Hanya saja karena terbiasa sebagai wartawan saya harus berusaha imbang. Pasti tidak bisa 100 persen. Setidaknya ada berusaha –dan sering gagal.
Dalam perang kali ini hati nurani tidak bisa dimungkiri: militan Palestina menyerang duluan.
Tiba-tiba. Tidak disangka. Berhasil menerobos perbatasan disway.id/listtag/3338/israel”>Israel di bagian selatan.
Aneh. Perbatasan yang dijaga ketat bisa diterobos. Betapa kuat serangan militan Palestina ini. Betapa lengah penjagaan perbatasan.
Saya harus mengikuti pemberitaan media yang pro Israel juga. Ingin tahu dari sisi sana.
Umumnya mirip: banyak menampilkan sisi penderitaan manusia yang kampungnya diserang dan diduduki militan Palestina. Warga sipil. Wanita. Anak-anak.
Media pro Palestina juga menampilkan sisi penderitaan manusia di Palestina. Warga sipil. Wanita. Anak-anak. Yakni ketika Israel membalas serangan itu lebih dahsyat. Dengan kekuatan militer negara. Masih dibantu Amerika, Inggris dan Jerman.
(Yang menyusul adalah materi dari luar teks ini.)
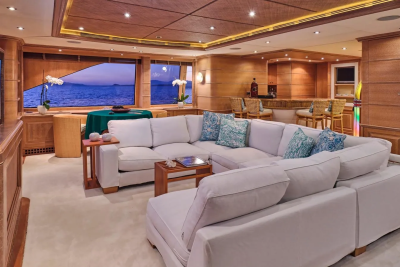 Luxurious yacht interiors offer a comfortable lounge with ocean views and a well-stocked bar.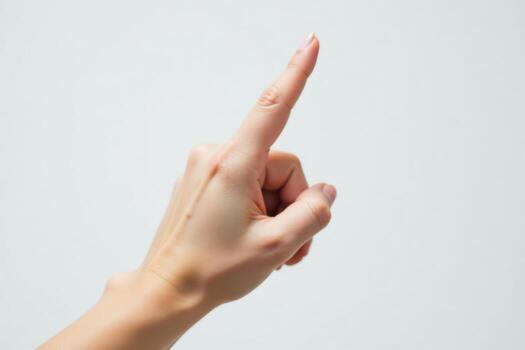 A person's hand pointing up on a white background photo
Kekuatan pun menjadi tidak imbang. Yang bergerak di Palestina hanya unsur militan. Sekitar 50.000 orang. Di sisi Israel yang bergerak seluruh militer dan polisi negara: sekitar 500.000.
Maka tugas saya menjadi sangat ringan. Terutama di saat sangat sibuk belakangan ini.
Bung Mirza telah membuat pembaca Disway tidak ketinggalan isu besar. Komentar dari Bung Baihaqi kemarin pun terjawab.
Saya jadi teringat komitmen tahun lalu: perlunya dibuka rubrik khusus untuk menampung tulisan-tulisan pembaca. Setelah dibuka hasilnya kecewa: tidak ada yang berminat. Tidak ada tulisan yang dikirim.
Tapi saya tidak kecewa. Belakangan banyak sekali komentar yang sangat berbobot. Sampai bingung memilih.
Dulu saya batasi maksimum memilih 29 komentar. Alasannya: teknis. Melebihi 29 tidak bisa saya kirim. Sudah begitu susah memilih akhirnya ”hilang”. Harus memilih lagi. Kirim lagi.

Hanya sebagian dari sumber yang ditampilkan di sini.